Ma basta contestare le spiegazioni rozze, primitive, blasfeme ? O non è possibile – anzi, doveroso – recepire quel brandello di verità che esse, sia pur assai maldestramente, veicolano?
Per spiegare cosa intendo dire, parto dal ritaglio di un “Domenicale” di dicembre 2009 del “Sole 24 Ore” capitatomi per caso fra le mani mentre, in questi giorni di reclusione forzata in casa, mettevo ordine fra le carte dell’archivio.
A conclusione di un pezzo intitolato “Pandemie. Largo alla medicina ma più integrata” l’epidemiologa Ilaria Capua scriveva: “Il concetto di One Health si prefissa l’obiettivo di considerare la salute pubblica come il frutto delle interazioni fra ospiti (uomini, animali e piante), patogeni (virus, batteri e protozoi) e l’ambiente in senso lato. Non è quindi più possibile considerare un episodio di malattia come evento disgiunto da ciò che accade nel serbatoio animale (compresi gli invertebrati) e nell’ambiente. Soltanto in questo modo si potrà agire attivando dei sistemi di prevenzione integrati e affrontare il problema alla fonte anziché quando è ormai un problema di salute pubblica conclamato. E’ necessario quindi che le discipline mediche (medicina umana, medicina veterinaria e farmacia) comprendano l’importanza dell’integrazione fra di loro e nel contempo con le discipline che studiano l’ambiente poiché sono ormai interdipendenti e interconnesse in maniera irreversibile”.

La scienziata, ovviamente, non evoca nessuna punizione divina. Ma – sia pur sommessamente – tira in ballo la responsabilità umana, collegando in un rapporto di causalità ignoranza e ignavia di noi mortali (in altri termini: i nostri ‘peccati’ o, laicamente, i nostri errori e le nostre colpe) con le epidemie e le pandemie. Rileggendo quelle righe a più di dieci anni di distanza, non possiamo fare a meno di chiederci, senza scomodare nessuna Trascendenza, se non siamo noi stessi i giudici e i carnefici della nostra vita. Le malattie sono ‘castighi’, ma decisi e comminati da noi stessi.
Che cosa abbiamo fatto da allora ad oggi, come cittadini e come ceti politici, per ridurre le immani sofferenze degli animali d’allevamento e da macello ?
Che cosa per ridurre l’inquinamento della terra, delle acque, dell’aria?
Già all’inizio della Modernità il filosofo Francis Bacon ci aveva (invano) avvertito: “Alla natura si comanda solo obbedendole”.
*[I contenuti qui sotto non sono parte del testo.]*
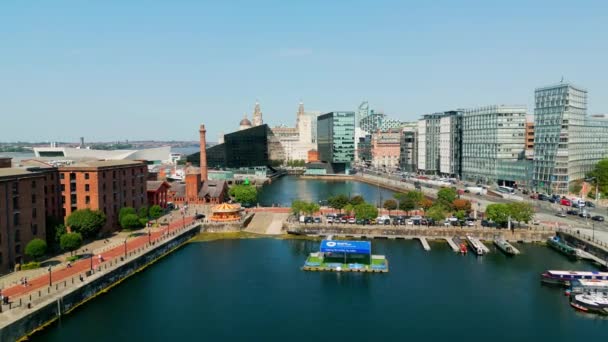 Albert Docks City Liverpool Aerial View Drone Photography — Stockvideo
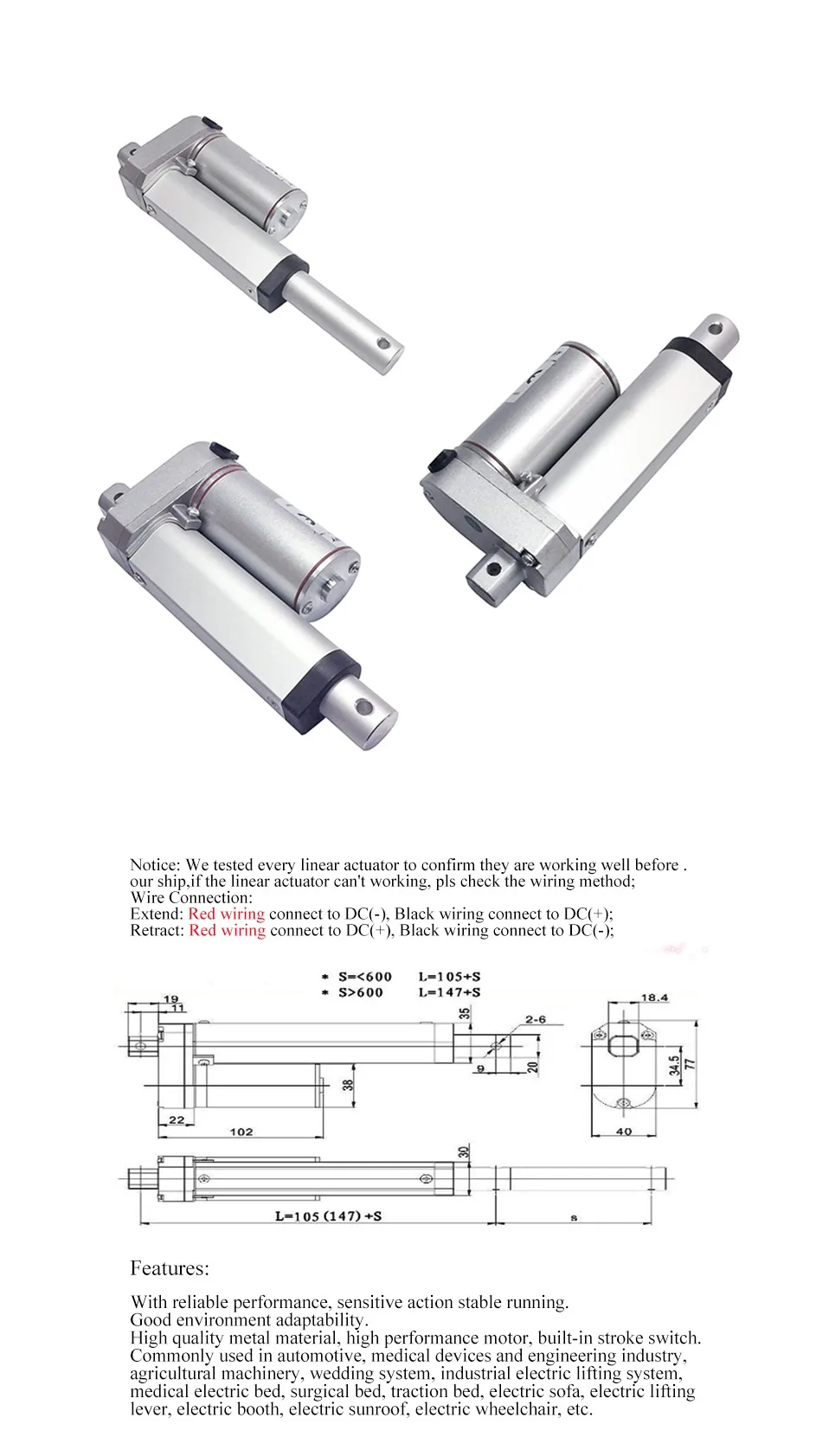 LD-B Модернизированный линейный исполнительный механизм 12V 1100/1500N высокий крутящий момент на 5 мм 13 мм/сек. В переменного тока, 50-300 мм ход линейный привод силы нажима 150 кг Шестерни мотор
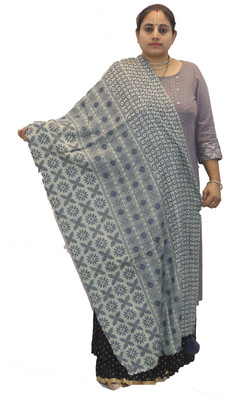 KAVIM Wool Printed Women Shawl(Dark Blue, Grey)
Noi vogliamo continuare a comandare autocraticamente, dittatorialmente, totalitariamente?
Accomodiamoci pure. Purché disposti a pagare il prezzo di questa tracotanza. Dispiace, però, che la Natura non sia attrezzata a individuare con precisione chirurgica i soggetti più responsabili di queste catastrofi annunziate: così, a cadere, sono, quasi sempre, i meno ricchi e i meno potenti.